Sauf à redouter une autre situation inattendue, les discours entendus le jour des obsèques du maréchal, le 23 avril, à N’Djamena, renseignent à peu près sur la conduite dictée par les événements. La France, partenaire traditionnel du Tchad, qui dispose sur place d’une importante base militaire, représentée aux obsèques au plus haut niveau par le chef de l'Etat, a pris sur elle, on pense, d’aider les autorités de la transition à mieux s’organiser politiquement et militairement.

En déclarant en effet que la France « ne permettra ni aujourd’hui, ni demain la déstabilisation du Tchad », le président Emmanuel Macron a sans doute voulu envoyer un message suffisamment clair à ceux qui, à l’intérieur comme à l’extérieur nourriraient des ambitions autres que celles de préserver la quiétude dans ce pays. Aux oppositions armées, comme à l’opposition politique civile, Paris souhaite une mise en route tranquille de la transition.

À d’autres puissances extérieures impliquées de quelque manière que ce soit dans la cour de ce que la vieille diplomatie toujours en vigueur nomme "le pré-carré français" (allusion aux pays naguère colonisés par la France et à l’intérieur desquels l’influence de l’ancienne puissance coloniale est toujours en place), ce message des autorités françaises ne leur est adressé que doctement.
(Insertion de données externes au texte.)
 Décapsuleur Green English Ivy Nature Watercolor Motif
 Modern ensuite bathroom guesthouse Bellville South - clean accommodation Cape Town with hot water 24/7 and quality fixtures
Bien sûr, en fonction des intérêts de chacun des acteurs concernés, les énonciations de ce type doivent aussi être des signaux pour bâtir le dialogue. Dans le cas contraire, les erreurs du passé, qu’il ne sert à rien de rappeler ici, ne serviront jamais la cause commune.

Le dialogue, c’est bien ce dont ont besoin tous les Tchadiens dans la période cruciale actuelle où leur pays a vacillé mais ne s’est pas écroulé. « Oui à la paix !» scandaient en chœur les femmes du Tchad rassemblées à N'Djamena en hommage au président Deby. Cette paix peut commencer dès maintenant avec l’installation des autres institutions de la transition qui s’instaure.

Le gouvernement faisant partie de ces institutions attendues, la mission qui lui sera confiée ainsi que la qualité de ses animateurs seront les attributs de la quiétude espérée. Les généraux du Conseil militaire de transition feraient mieux d'y songer fortement. Ce serait l’hommage le plus mérité qu’ils auraient rendu à leur chef suprême et compagnon d’armes, feu le maréchal du Tchad, Idriss Déby Itno ; certainement aussi la concession majeure qui pourrait leur permettre d'avoir un peu sommeil par ces heures évidemment graves pour leur pays.